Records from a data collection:
↓↓↓

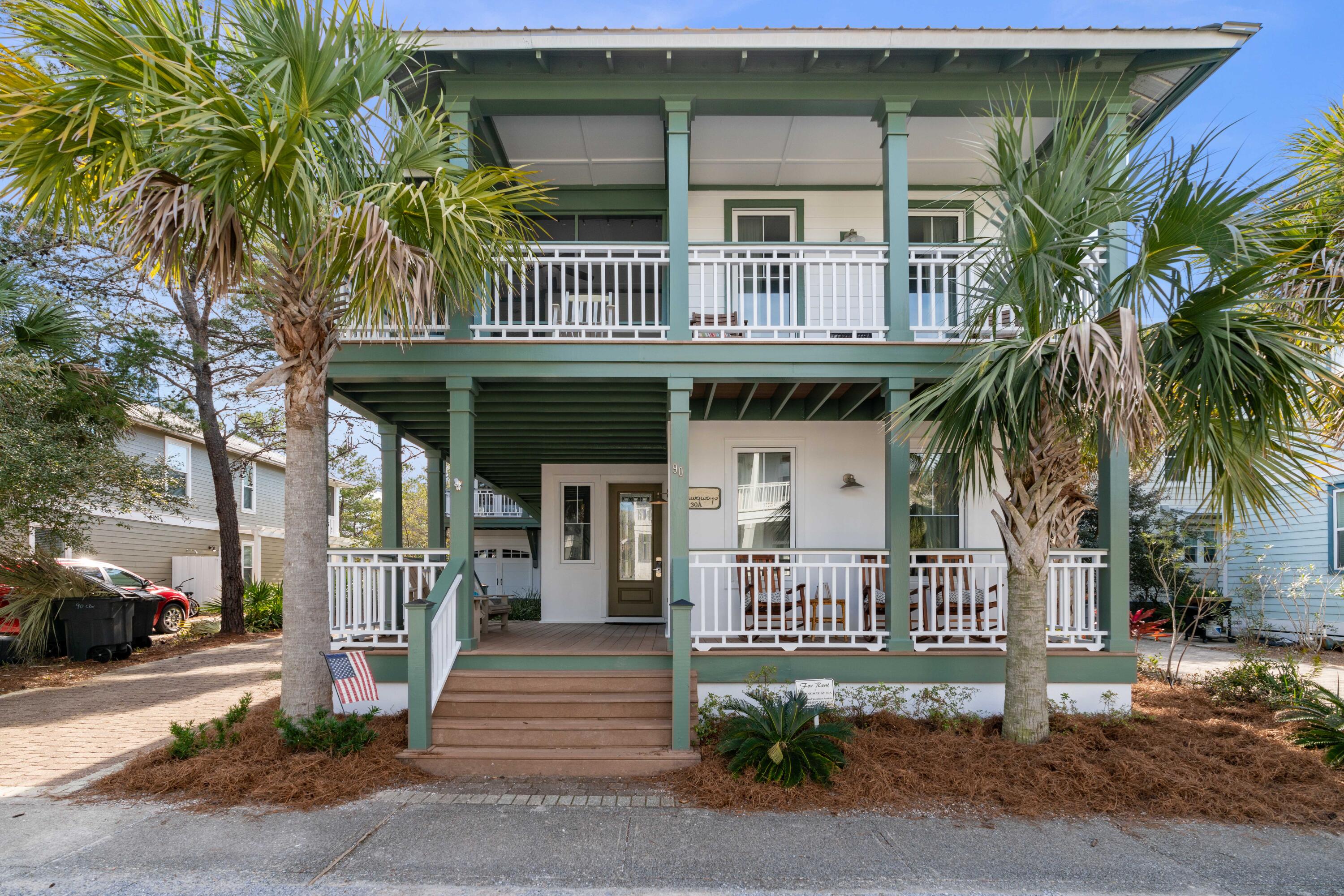 90 West Cobia Run Inlet Beach, FL 32461 - Photo 3 of 37 a view of a brick house with large windows and a small yard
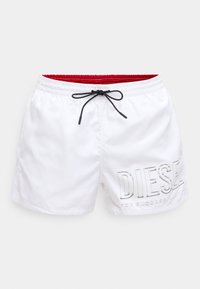 Valged ujumispüksid sünteetilisest materjalist, millel on must pingutusnöör, punane sisemüür ja küljes reljeefne "DIESEL" brändi tähistus.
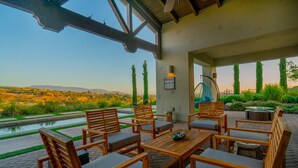A patio with wooden furniture, a hanging chair, and a view of a landscaped garden and distant mountains. - Mansion on De Portola with Vineyard and Mountain view (Temecula)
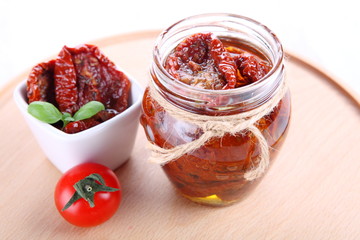 Sun dried tomatoes with olive oil in a jar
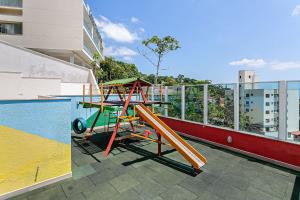 a playground on the roof of a building next to a pool at Piscina com Vista MAR próximo à UFSC #PANTA03 in Florianópolis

↑↑↑

Exercise directions: What is needed here is an exact copy of every record, with the pictures left out.

Solution:
 90 West Cobia Run Inlet Beach, FL 32461 - Photo 3 of 37 a view of a brick house with large windows and a small yard
 Valged ujumispüksid sünteetilisest materjalist, millel on must pingutusnöör, punane sisemüür ja küljes reljeefne "DIESEL" brändi tähistus.
A patio with wooden furniture, a hanging chair, and a view of a landscaped garden and distant mountains. - Mansion on De Portola with Vineyard and Mountain view (Temecula)
 Sun dried tomatoes with olive oil in a jar
 a playground on the roof of a building next to a pool at Piscina com Vista MAR próximo à UFSC #PANTA03 in Florianópolis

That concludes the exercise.